'''

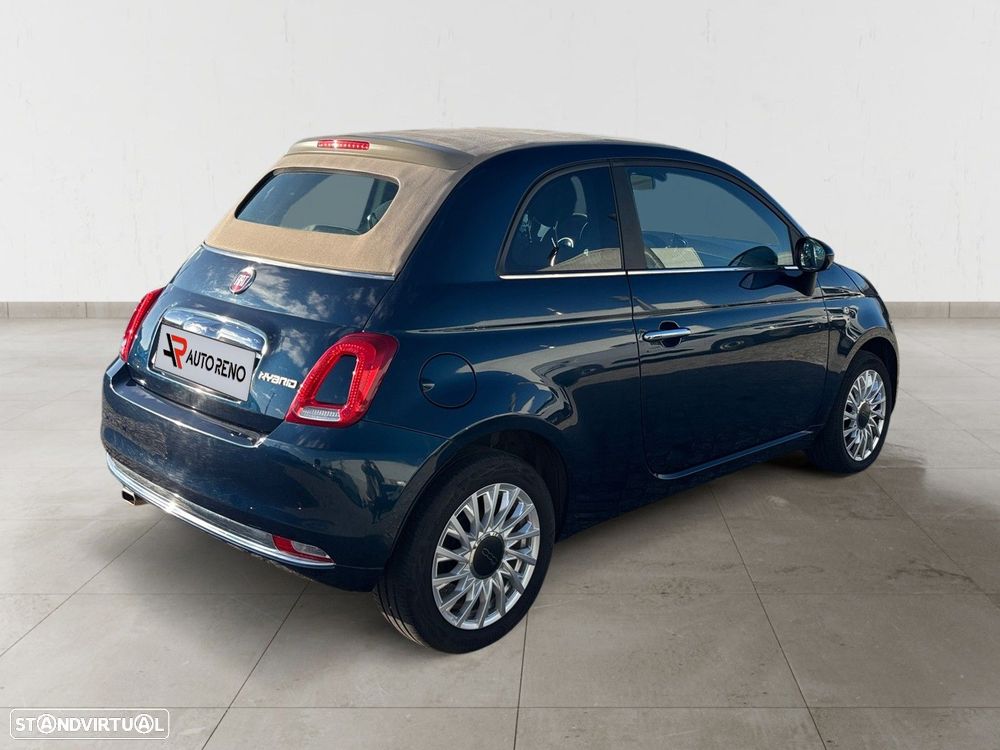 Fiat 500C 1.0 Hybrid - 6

'''
'''

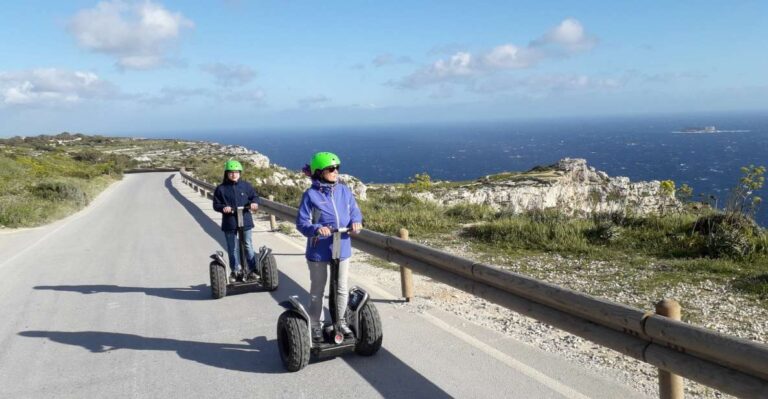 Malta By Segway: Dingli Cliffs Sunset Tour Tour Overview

'''
'''

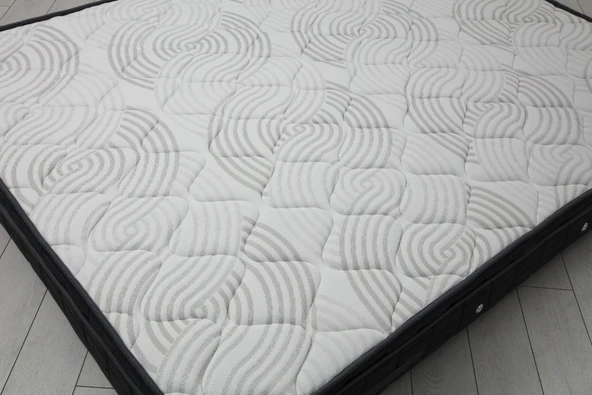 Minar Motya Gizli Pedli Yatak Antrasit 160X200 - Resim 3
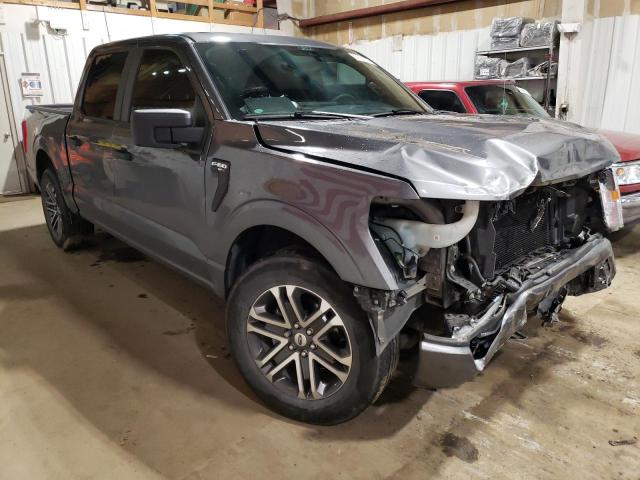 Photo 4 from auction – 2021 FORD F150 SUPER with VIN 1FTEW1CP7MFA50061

'''

WHAT YOU ARE ASKED TO DO
The line holding "Minar Motya Gizli" starts the copy and the line holding "Photo 4 from" ends it. Repeat those two lines above and all between them exactly, leaving out pictures.

ANSWER TO THE EXERCISE
 Minar Motya Gizli Pedli Yatak Antrasit 160X200 - Resim 3
 Photo 4 from auction – 2021 FORD F150 SUPER with VIN 1FTEW1CP7MFA50061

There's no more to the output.